BRIEF: In the listing below, find the line with "смешиваем яйца,масло,сахаром и медом" and the line with "Coffee/tea facilities in", then return them and every line between them exactly, minus the pictures.

RECORD SET:
--- --- ---
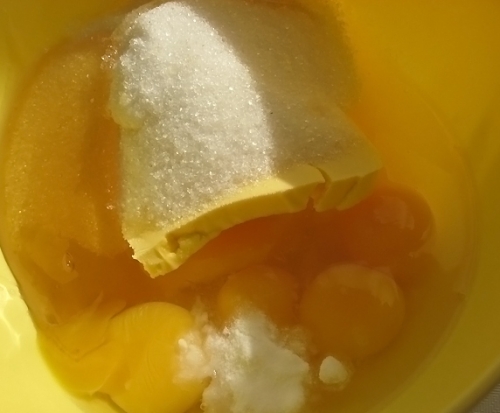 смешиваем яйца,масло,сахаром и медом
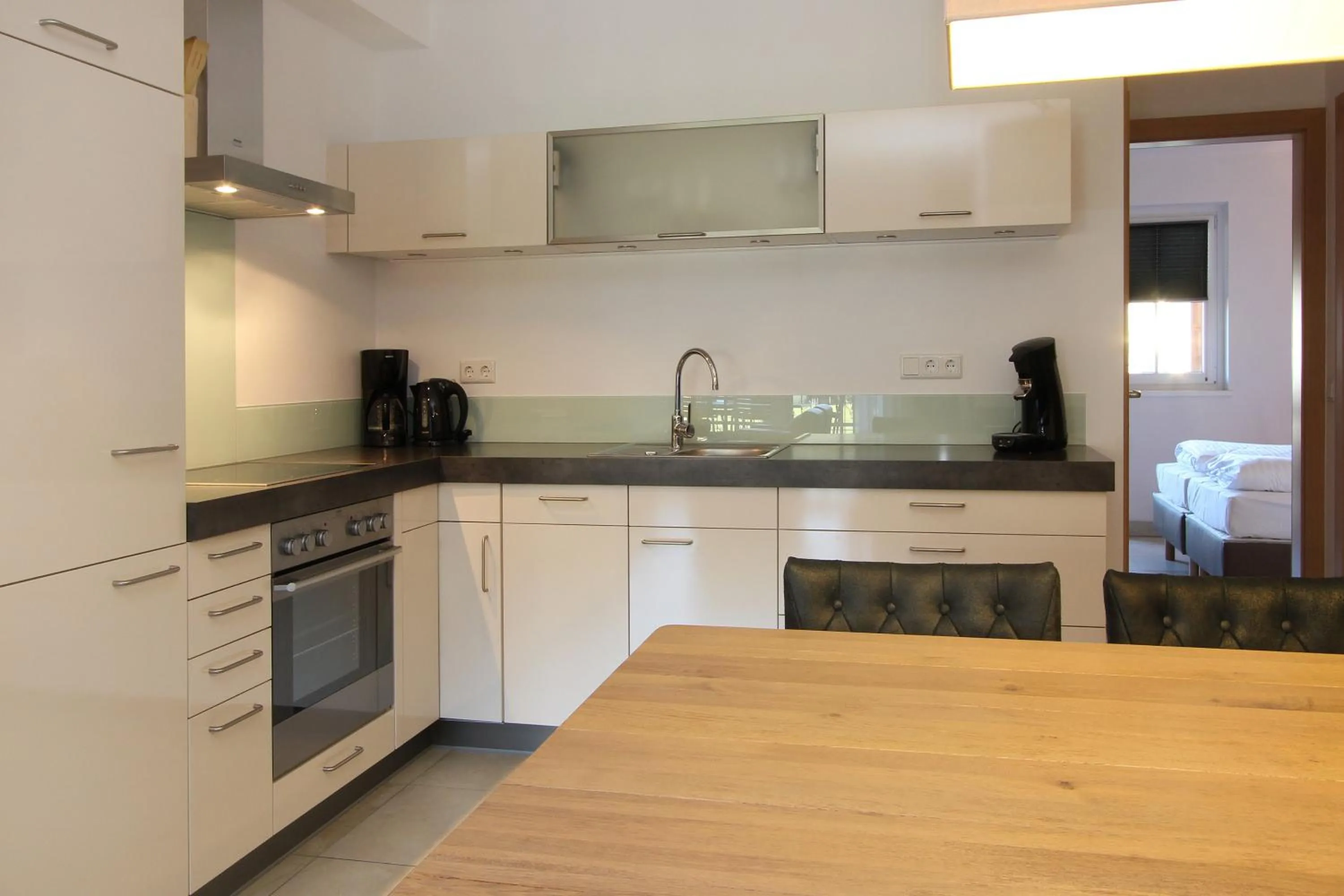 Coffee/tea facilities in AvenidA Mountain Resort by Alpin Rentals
--- --- ---
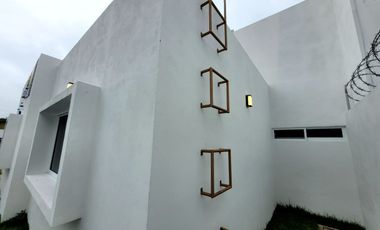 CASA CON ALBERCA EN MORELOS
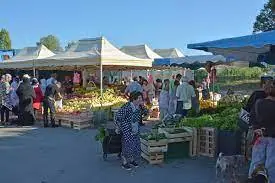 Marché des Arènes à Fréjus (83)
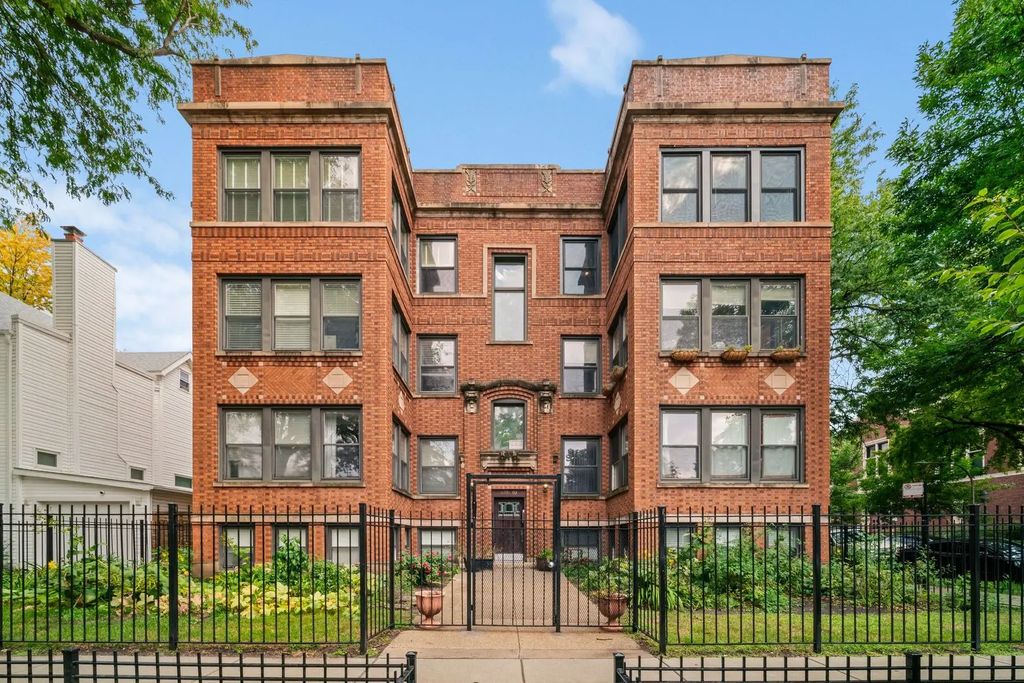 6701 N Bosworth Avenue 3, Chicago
--- --- ---
RESULT OF THIS EXERCISE:
 смешиваем яйца,масло,сахаром и медом
 Coffee/tea facilities in AvenidA Mountain Resort by Alpin Rentals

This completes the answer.